(MATERIAL SHOWN Opens)

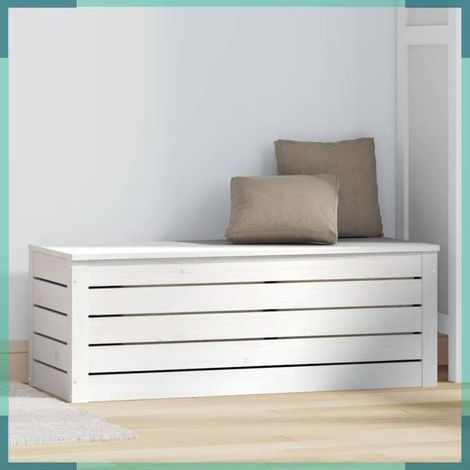 Boîte de rangement - 823620 - Bois massif de pin - Blanc - 89 x 36,5 x 33 cm (1/5)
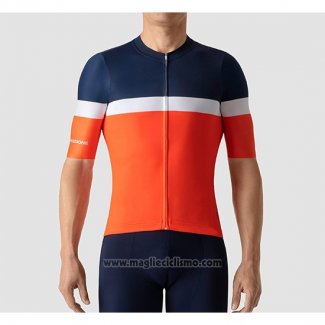 2019 Abbigliamento Ciclismo La Passione Blu Bianco Arancione Manica Corta e Salopette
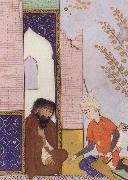 unknow artist Sultan Muhmud of Ghazni depicted as a young Safavid prince visiting a hermit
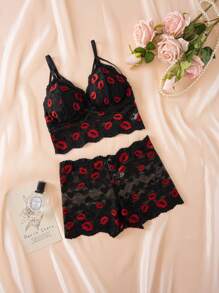 Set de 3 piezas Ropa interior de mujer con encaje francés romántico y sexy, que incluye sujetador sin aros con espalda descubierta y camiseta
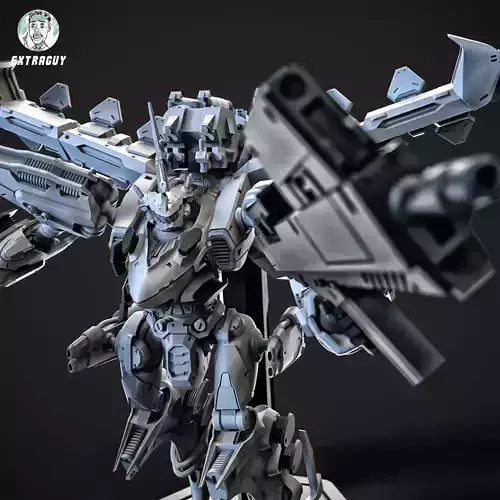 White Sparkle Mech 100mm 3D print model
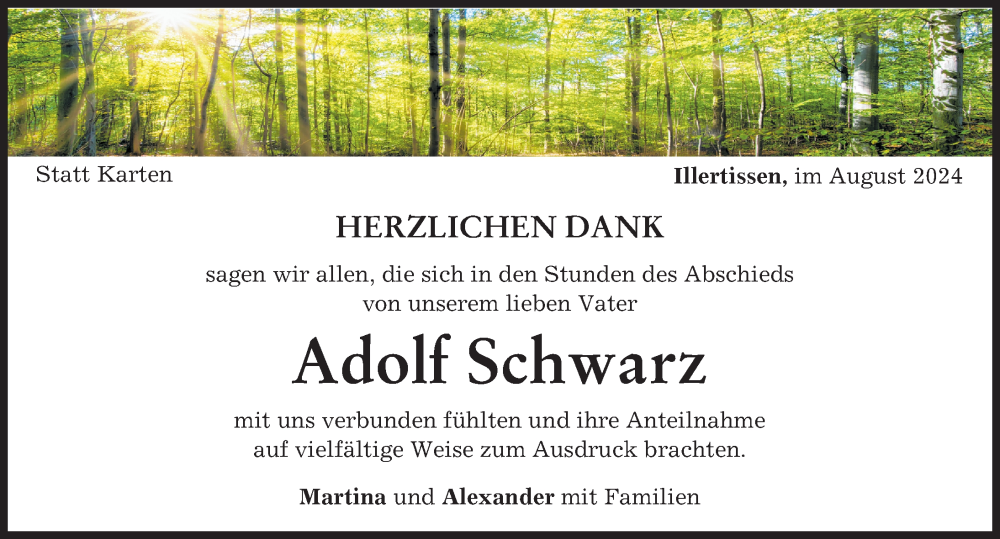 Traueranzeige von Adolf Schwarz von Illertisser Zeitung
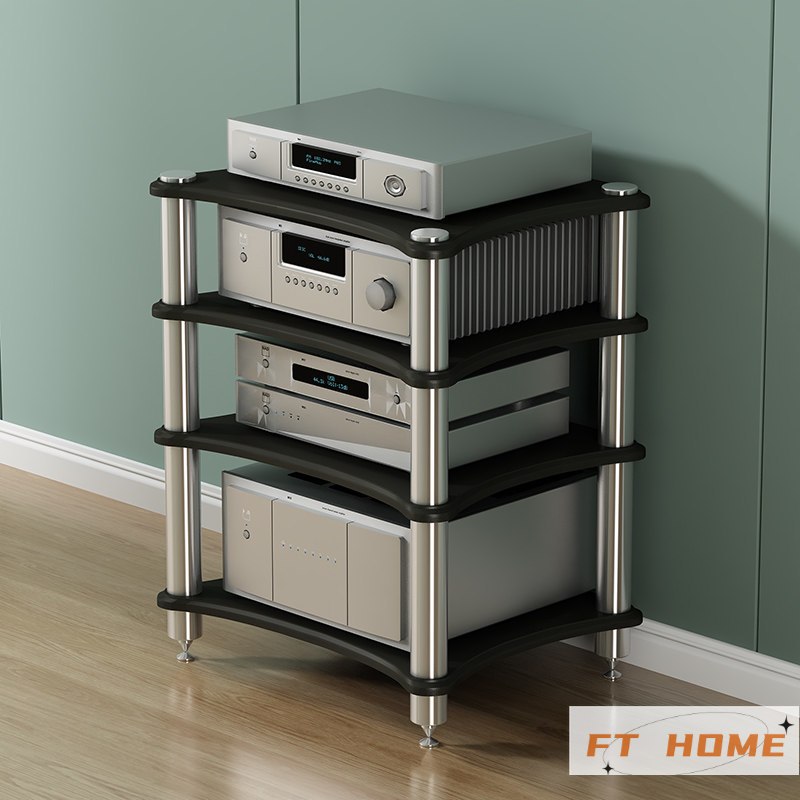 จัดส่งทันที🔥 ตู้สำหรับวางเครื่องขยายเสียง HIFI/ชั้นวางแผ่นซีดีเพลง พร้อมขาตั้ง/ฐานรองกันการสั่นสะเทือน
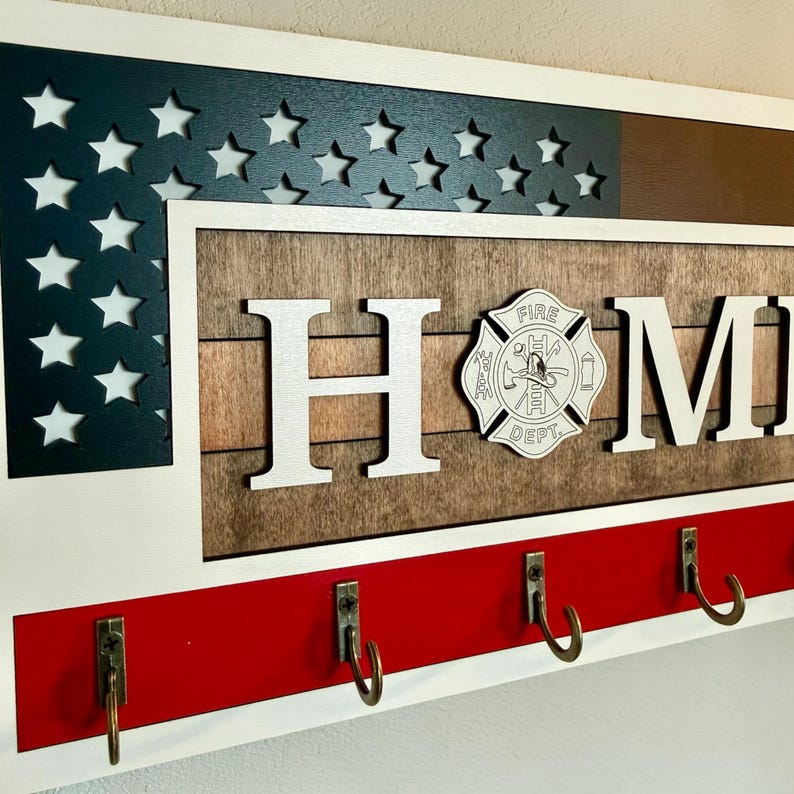 Firefighter Key Holder | Rustic American Flag Home Decor, Boho Style ...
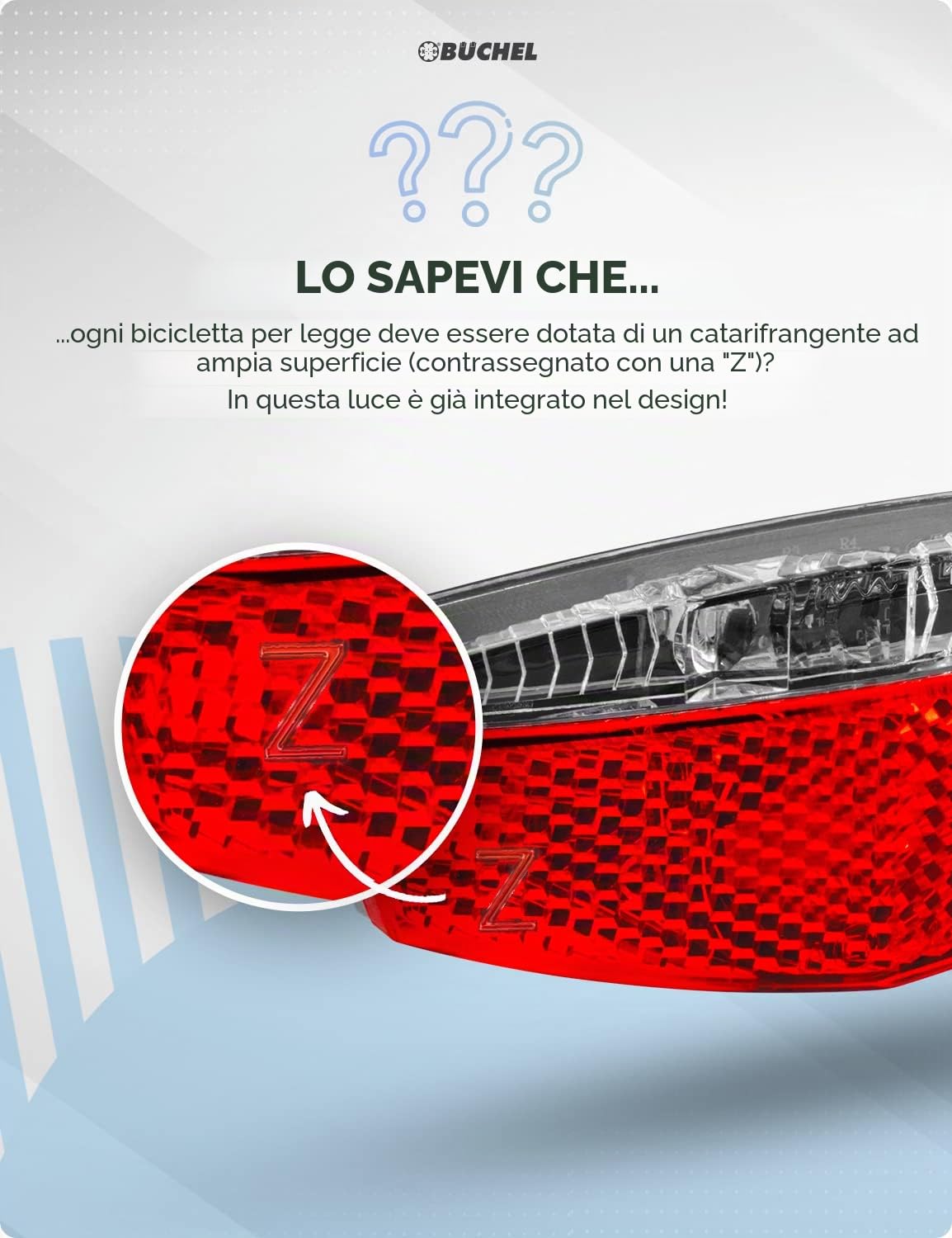 BÜCHEL Fanale posteriore per bicicletta a LED, omologato StVZO, portabagagli per fanale posteriore TIVOLI, fanale posteriore per bicicletta dinamo o e-bike I fanale posteriore per bicicletta dinamico, luce posteriore per bicicletta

(MATERIAL SHOWN Closes)

*WHAT THE TASK ASKS*
The data above should be restated exactly, with its images dropped.

*ANSWER TO THIS TASK*
 Boîte de rangement - 823620 - Bois massif de pin - Blanc - 89 x 36,5 x 33 cm (1/5)
 2019 Abbigliamento Ciclismo La Passione Blu Bianco Arancione Manica Corta e Salopette
 unknow artist Sultan Muhmud of Ghazni depicted as a young Safavid prince visiting a hermit
 Set de 3 piezas Ropa interior de mujer con encaje francés romántico y sexy, que incluye sujetador sin aros con espalda descubierta y camiseta
 White Sparkle Mech 100mm 3D print model
 Traueranzeige von Adolf Schwarz von Illertisser Zeitung
 จัดส่งทันที🔥 ตู้สำหรับวางเครื่องขยายเสียง HIFI/ชั้นวางแผ่นซีดีเพลง พร้อมขาตั้ง/ฐานรองกันการสั่นสะเทือน
 Firefighter Key Holder | Rustic American Flag Home Decor, Boho Style ...
 BÜCHEL Fanale posteriore per bicicletta a LED, omologato StVZO, portabagagli per fanale posteriore TIVOLI, fanale posteriore per bicicletta dinamo o e-bike I fanale posteriore per bicicletta dinamico, luce posteriore per bicicletta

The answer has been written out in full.